Wednesday 20 April 2016

Stockton Calling Review

Stockton Calling 2016

A lazy morning and a heavy breakfast laid uncomfortably on me as the taxi arrived. It was Saturday but I was mentally on Sunday.  Rumbling through the grey streets and the white noise of a dilapidated transit van created a glum mood and I felt that I didn’t really want to go to Stockton Calling this year. I had vague memories of my last visit two or three years ago and they were foggy but good. If push came to shove I would always have of gone, the alternative would of been another day on the computer or watching TV but I was not excited. We jumped out of the cab and paid. The town didn’t seem aware anything special was happening. At this end of the high street the Weatherspoon's is king but it wasn’t part of the festival. I had said I wanted to see inside a bar called Room 21 near by. It wasn’t busy on the streets. A few people wandered around  but there was no sense we were going to a festival of any kind.

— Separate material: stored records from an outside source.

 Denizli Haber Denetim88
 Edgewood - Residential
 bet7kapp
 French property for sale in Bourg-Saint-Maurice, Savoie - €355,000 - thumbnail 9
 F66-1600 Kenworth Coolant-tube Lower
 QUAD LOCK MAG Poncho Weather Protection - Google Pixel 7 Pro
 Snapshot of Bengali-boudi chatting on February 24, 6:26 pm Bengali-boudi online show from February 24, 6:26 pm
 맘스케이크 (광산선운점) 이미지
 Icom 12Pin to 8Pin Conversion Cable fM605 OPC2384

I never like the idea of an in town ‘’festival’’. A festival is special because you are away from home. Living in a tent. The music can be secondary. Something you dabble with. The festival experience is the whole thing. People of all ages and backgrounds immediately adjust to this makeshift place. They adjust their behaviour. They are more open, friendlier and excited. The do things they wouldn’t at home they eat unfamiliar foods and have a holiday spirit a joie de vivre.  A city festival takes away all these opportunities. You aren’t going back to sleep in a field with 1000 others with little expectation of sleep. You can get a taxi and leave at any time you feel its all too much something you can’t at 3 am in a festival and apart from the bands there isn't anything special about the place you're visiting. I know Stockton. I drink there from time to time. I can go in most of the venues any day of the week.

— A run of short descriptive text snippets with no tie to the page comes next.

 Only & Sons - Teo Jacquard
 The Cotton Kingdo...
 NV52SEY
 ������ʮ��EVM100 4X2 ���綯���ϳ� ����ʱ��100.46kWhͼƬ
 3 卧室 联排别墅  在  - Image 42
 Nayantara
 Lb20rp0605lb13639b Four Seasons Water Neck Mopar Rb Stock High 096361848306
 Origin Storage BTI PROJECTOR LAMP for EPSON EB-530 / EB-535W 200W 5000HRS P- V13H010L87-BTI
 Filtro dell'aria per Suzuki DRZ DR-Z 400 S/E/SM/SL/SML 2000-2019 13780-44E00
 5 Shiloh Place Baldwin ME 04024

Initially I was right. It’s 2:30pm Room 21 had cleared half their floor space and a handful of people watch an acoustic guitar being played well with an interesting voice. Nothing new but nice. The other half of the pub was running as per usual. Pool tables were surrounded by people there for the pool, not the music. None of them even looked in the musicians direction. We had to beg to gain entry with our printed tickets but needed to swap them for wrist bands so we decamped and headed for the hub of the festival Arc.

I walked along a pint of lager brighter but still unexcited about the prospect of quietly watching bands in half a venue. However Arc is where the feel changed. Arc is a funny venue. A pretty and modern building built by Arts funding. It has floundered for years but has slowly become more a part of Stockton generally by showing less obscure arts and more stand up and beer festivals. I’d say it’s a shame but to be honest i feel the venue should always have drip fed the town. You can’t build a venue and expect everyone in the town to love Norwegian contemporary dance. Other local theatres survived with a stable diet of Blood Brothers tribute act and Agatha Christie's who done it’s. Today Arc was was alive. Stockton Calling had sold out and here was the first sign. People queue for wristbands and the blue neon flickered as people moved up and down the stairs from its venue (the Point) to the bars. Nothing was on right now but people were expectant and alive. We had missed the band but now armed with our paper bracelets of privilege we headed next door where a band was playing.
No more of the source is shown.